Dienstag, den 2. Juni 2020

Berlin - Welche Chancen und Risiken birgt die Präzisionsmedizin? Diese Frage beantwortet die Bundesärztekammer (BÄK) in der von ihrem Wissenschaftlichen Beirat erarbeiteten Stellungnahme „Präzisionsmedizin – Bewertung unter medizinisch-wissenschaftlichen und ökonomischen Gesichtspunkten“.

Die Präzisionsmedizin, die auch als individualisierte oder personalisierte Medizin bekannt ist, weckt Hoffnung auf neue Behandlungs- und Heilungsmöglichkeiten. Nicht zuletzt in der Onkologie konnte der Einsatz von molekularen, genetischen und proteomischen Biomarkern des einzelnen Patienten bemerkenswerte therapeutische Erfolge erzielen. Dem gegenüber stehen die Sorge vor einer mangelnden Evidenzbasierung aufgrund geringer Fallzahlen und die Kritik an den hohen Therapiekosten.

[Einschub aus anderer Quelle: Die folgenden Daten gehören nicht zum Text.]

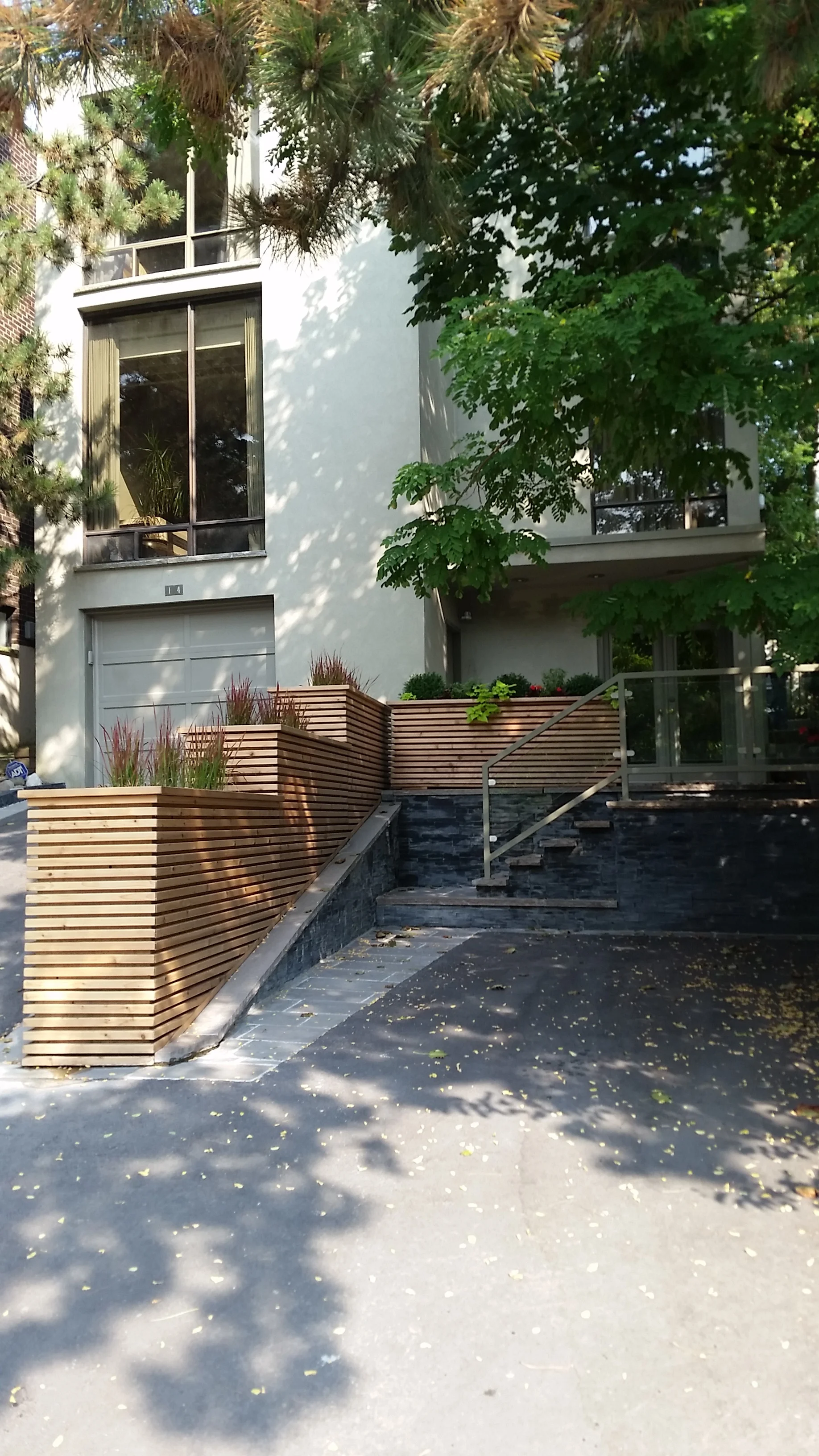 20170919_104618.jpg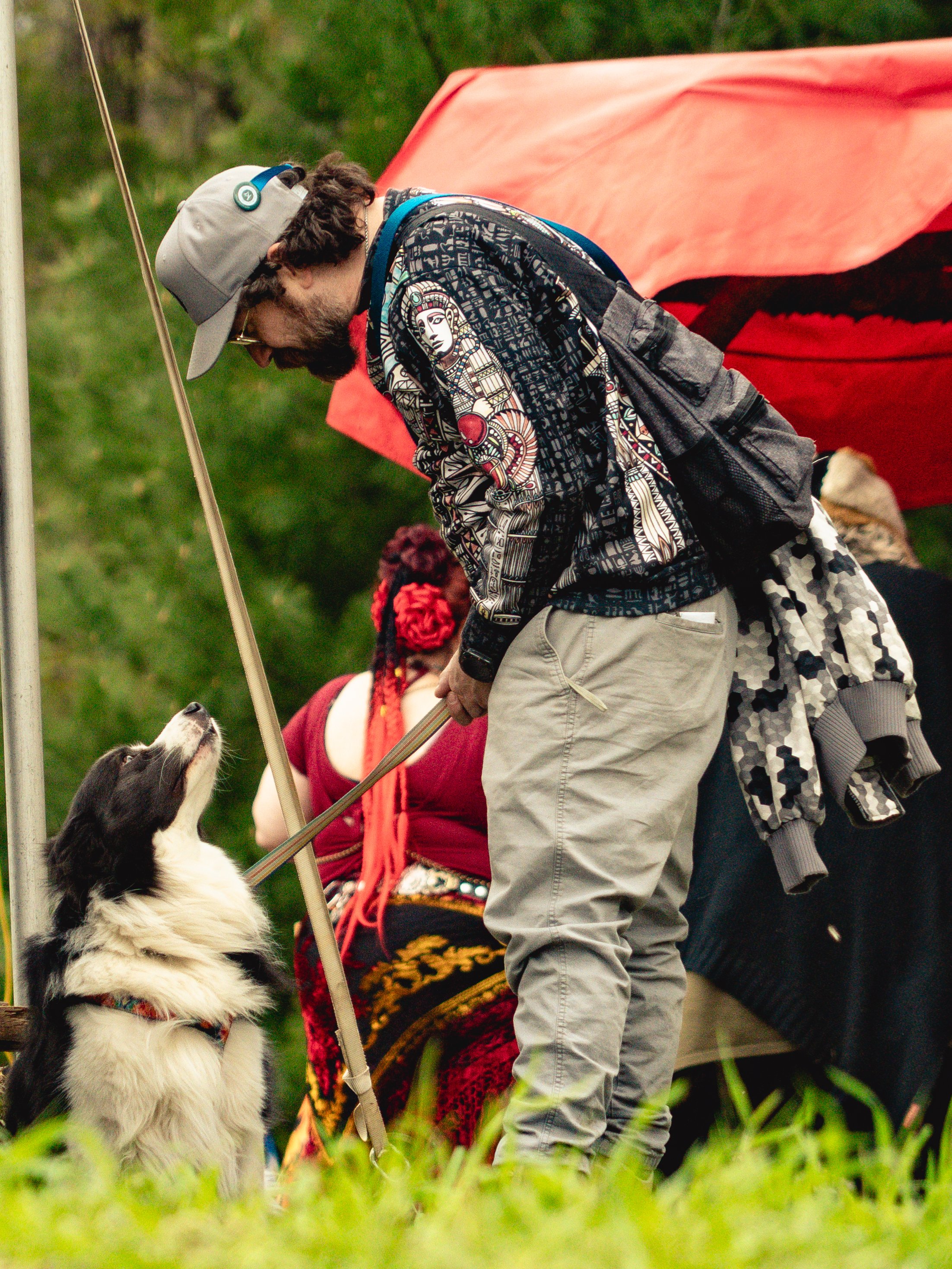 Dogs-26.jpg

„Wir müssen uns immer wieder neu die Frage stellen, wie die Versorgungsqualität mit Hilfe des medizinisch-wissenschaftlichen Erkenntnisfortschritts weiterentwickelt werden kann, ohne das Gesundheitssystem finanziell zu überfordern. Die vorliegende Stellungnahme ist ein wichtiger Beitrag zu dieser Debatte. Und sie sollte nicht allein in Fachkreisen geführt werden“, sagte BÄK-Präsident Dr. Klaus Reinhardt (Foto).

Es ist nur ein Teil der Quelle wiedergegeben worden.